The Pre-Budget Document also highlights that as part of the government’s commitment to the green economy a number of proposals are being considered including a fiscal incentive scheme to promote the restoration and maintenance of scheduled properties aimed at promoting ownership and the restoration of scheduled buildings.

The government is also considering the provision of incentives for young people, associations and small scale creative industries (and which do not cause disturbance to residents) to move to urban cores, utilising existing buildings and investing in retrofitting for energy and water efficiency and reduced resource utilisation.

In order to assist with the transition to zero-carbon buildings, the government will also modify in the coming years the transaction tax on buildings depending on their energy performance class.

The report says the government wants to encourage all sectors to take advantage of environmental innovation as a business opportunity. To this end it will promote a positive climate for eco-efficient innovations through various means.

“In order for new technologies to become viable, as well as to be adapted to the Maltese environment, a high level of research and development and innovation is required. To further support eco-innovation and green technologies, financial assistance for eco-innovative start-ups, businesses implementing eco-innovative solutions and companies bringing innovations to the market will be formulated,” the report says.

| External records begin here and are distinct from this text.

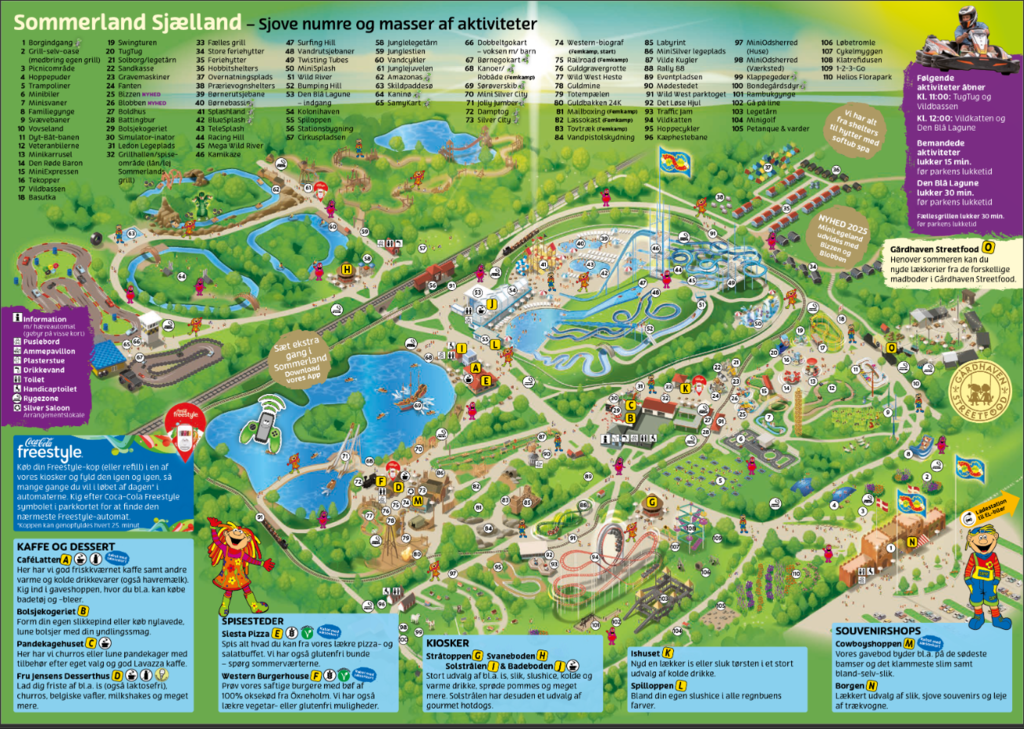 Sommerland sjælland.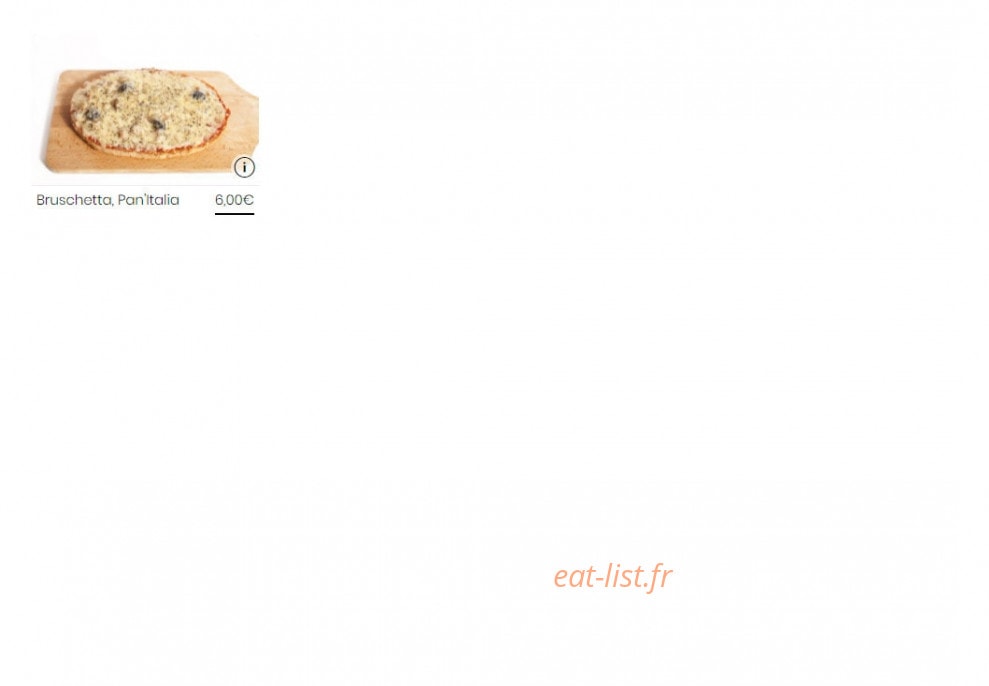 Au Fournil Gourmand — carte page 3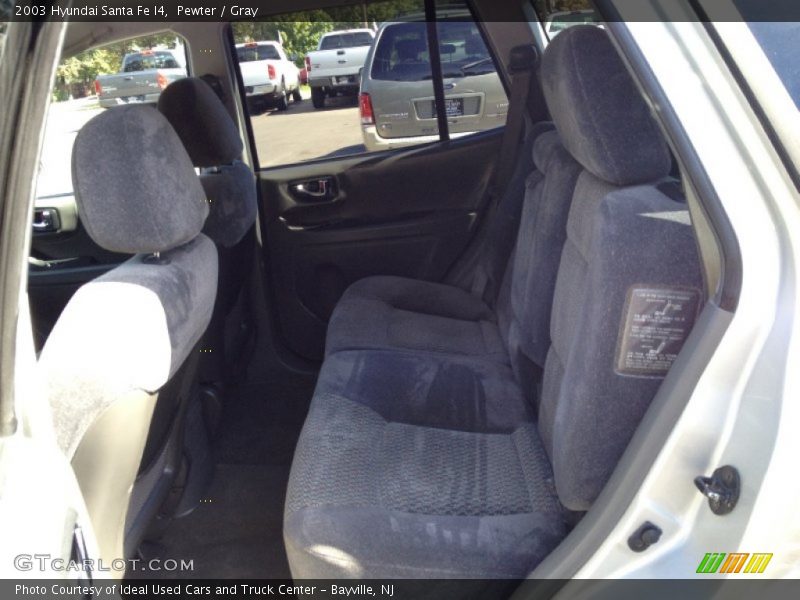 Pewter / Gray 2003 Hyundai Santa Fe I4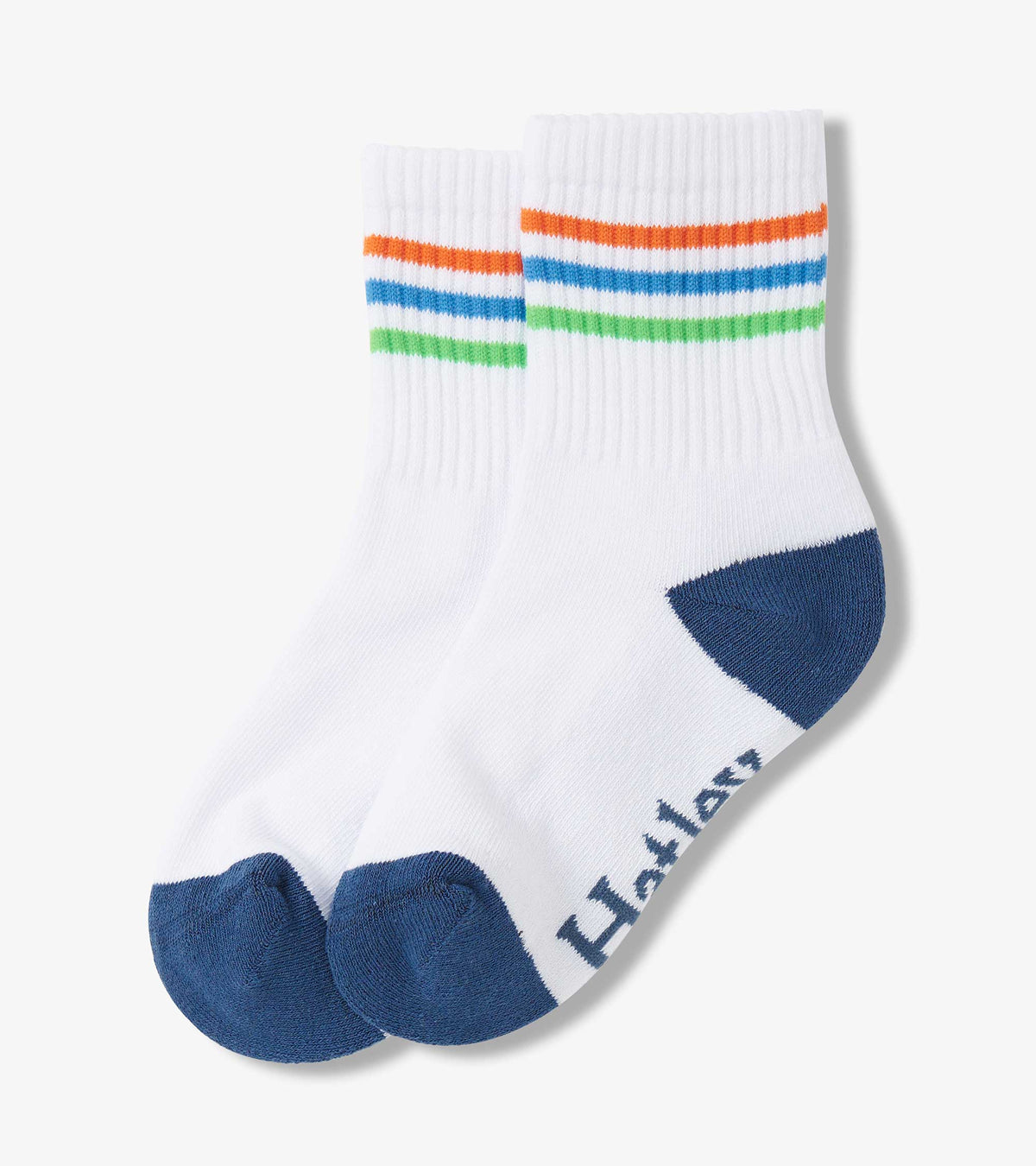 Boys Spring Stripes Crew Socks - Hatley Boys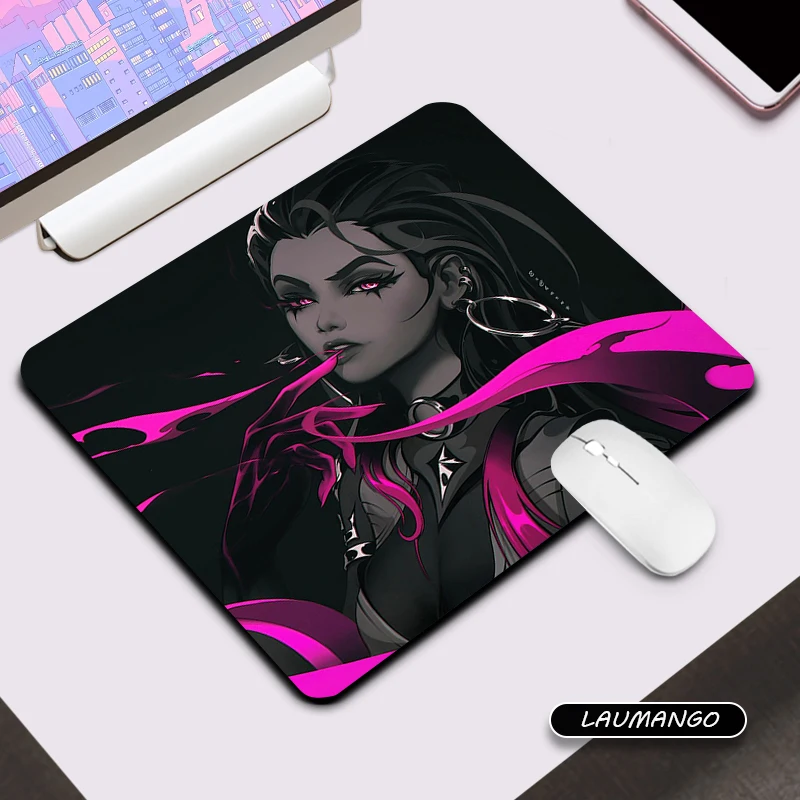 

Anime Mouse Pad Razer Gaming Mats for Pc Gamer Full Barato Mousepad Kawaii Accessories Valorant Table Mat Varmilo Small Mousepad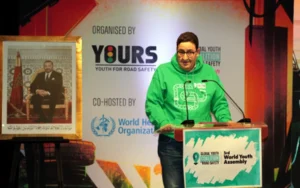 وزير النقل واللوجستيك عبد الصمد قيوح أهمية تعبئة الشباب في إنجاح السياسات العمومية للسلامة الطرقية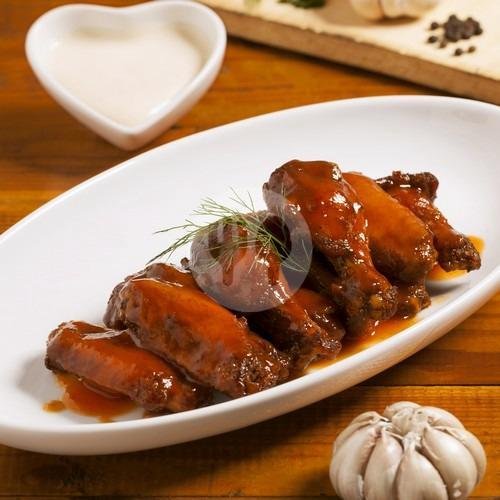 Chicken Florentine menu Double U Steak by Chef Widhi, Bekasi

The government will also explore the possibility of easing certain regulatory burdens on eco-innovative or green firms while also facilitating start-ups and promoting best practices.

The document makes it clear that fiscal consolidation and deficit reduction will be given top priority in the forthcoming Budget.

“Unfortunately, the experience of most of our European partners teaches us a very tough lesson on why financial consolidation is essential. Financial responsibility has allowed us to take decisions cautiously. We must not lose track of such targets as one day someone would have to pay the price,” Finance Minister Tonio Fenech says in his introduction to the document.

The report says that the government’s fiscal consolidation strategy for 2012 is largely expenditure-based.

“Expenditure cuts are more effective in a medium-term perspective than revenue increases, particularly in view of the government’s macroeconomic objectives of improving national competitiveness levels,” it says.

The government will sustain its policy of expenditure restraint as regards intermediate consumption and the general government wage bill, which in total are expected to account for 0.6 per cent of the decline in the expenditure-to-GDP ratio.

The government’s debt strategy remains that of ensuring that the financing needs of the public sector are met at the lowest possible cost while minimising medium and long-term interest rate risk. After reaching 68.2 per cent of GDP in 2010, gross government debt is expected to follow a downward path, declining by 0.2 per cent of GDP in 2011 mainly on account of a positive primary surplus, and by 0.8 per cent to 66.9 per cent of GDP in 2012.

The government deficit is projected to decline by 0.6 per cent of GDP from 2.8 per cent in 2011 to 2.2 per cent in 2012.